Разумеется, советская архаизирующая модерность прождала не только оксюморонное преодоление травмы модерности посредством преумножения травм и сакрализации насилия. Исследования советской субъективности тем и ценны, что обнажают дискурсивные оксюмороны на всех уровнях советской культуры и социальности: государственном, политическом, идеологическом, экономическом, психологическом и экзистенциальном. Ради наиболее последовательного устранения этих противоречий из поля культуры, собственно, и возникает соцреализм — «механизм реализации социализма за счет одновременной дереализации жизни»[26]. Однако одновременно формировался и спектр других дискурсов, авторы которых пристально всматривались в оксюмороны архаизирующей модерности и искали в них понимание не только советских истории и цивилизации, но и — сквозь них — основополагающих для модерности метанарративов истории, культуры и личности.

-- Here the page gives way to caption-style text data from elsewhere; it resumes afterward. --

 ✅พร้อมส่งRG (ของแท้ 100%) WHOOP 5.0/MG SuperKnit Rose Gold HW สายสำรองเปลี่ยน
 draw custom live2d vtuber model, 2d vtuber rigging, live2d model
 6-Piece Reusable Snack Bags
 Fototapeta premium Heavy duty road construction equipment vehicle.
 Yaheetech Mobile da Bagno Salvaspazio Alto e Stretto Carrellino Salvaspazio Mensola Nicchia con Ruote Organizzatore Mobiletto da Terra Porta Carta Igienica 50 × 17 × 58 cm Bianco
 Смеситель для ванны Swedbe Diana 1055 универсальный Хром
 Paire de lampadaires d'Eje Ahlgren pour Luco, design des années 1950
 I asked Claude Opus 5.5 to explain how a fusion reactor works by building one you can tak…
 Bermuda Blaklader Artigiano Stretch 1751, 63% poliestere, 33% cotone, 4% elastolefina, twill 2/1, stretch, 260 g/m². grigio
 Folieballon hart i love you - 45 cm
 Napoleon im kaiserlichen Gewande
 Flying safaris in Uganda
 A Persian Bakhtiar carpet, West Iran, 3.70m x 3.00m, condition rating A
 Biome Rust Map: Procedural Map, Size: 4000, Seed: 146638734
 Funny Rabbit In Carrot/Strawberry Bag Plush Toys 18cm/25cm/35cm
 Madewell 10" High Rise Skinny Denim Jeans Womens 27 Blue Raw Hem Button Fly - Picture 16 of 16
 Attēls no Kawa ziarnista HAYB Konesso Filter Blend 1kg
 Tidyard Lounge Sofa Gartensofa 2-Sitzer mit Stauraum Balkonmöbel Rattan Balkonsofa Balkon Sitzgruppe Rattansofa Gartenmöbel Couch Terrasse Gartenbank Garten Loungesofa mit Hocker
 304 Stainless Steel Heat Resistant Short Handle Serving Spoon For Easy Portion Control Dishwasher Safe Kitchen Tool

Одним из таких дискурсов был гротескный реализм 1920-х — начала 1930-х годов (ранний М. Булгаков, Н. Эрдман, И. Ильф и Евг. Петров, М. Зощенко). Другим — модернизм в лице И. Бабеля, Е. Замятина, Б. Пильняка, Л. Добычина, О. Мандельштама, А. Ахматовой, М. Цветаевой, М. Кузмина, А. Платонова, Б. Пастернака, К. Вагинова, С. Кржижановского, позднего Булгакова, В. Набокова, Б. Поплавского, Г. Газданова и др. Третьим — авангард, также весьма широкий по своему спектру: от ЛЕФа до О БЭР И У. До государственной монополии соцреализма эти дискурсы с переменным успехом еще присутствовали в поле «разрешенной культуры», но с начала 1930-х годов они оказались полностью вытеснены либо в неофициальную, либо в эмигрантскую культуру. Их частичное возвращение в советскую культуру начинается только в 1960-е годы одновременно с началом распада советской архаизирующей модерности. Вернее, развитие модернистских дискурсов продолжается по преимуществу в неподцензурной литературе, но модернистская классика 1920–1930-х годов постепенно возвращается читателю (разумеется, строго дозированная и отфильтрованная). Одновременно происходит адаптация определенных черт модернистской эстетики в публикуемой словесности (А. Вознесенский, ранний В. Соснора, В. Аксенов, философские фантасмагории братьев Стругацких, роман «потока сознания» у Миколаса Слуцкиса в 1960-е, а в 1970–1980-е годы — эстонская абсурдистская проза, мифологический роман Отара Чиладзе, Чингиза Айтматова, Анатолия Кима, Владимира Орлова, экзистенциально-проблематизирующий роман Юрия Трифонова и т. п.).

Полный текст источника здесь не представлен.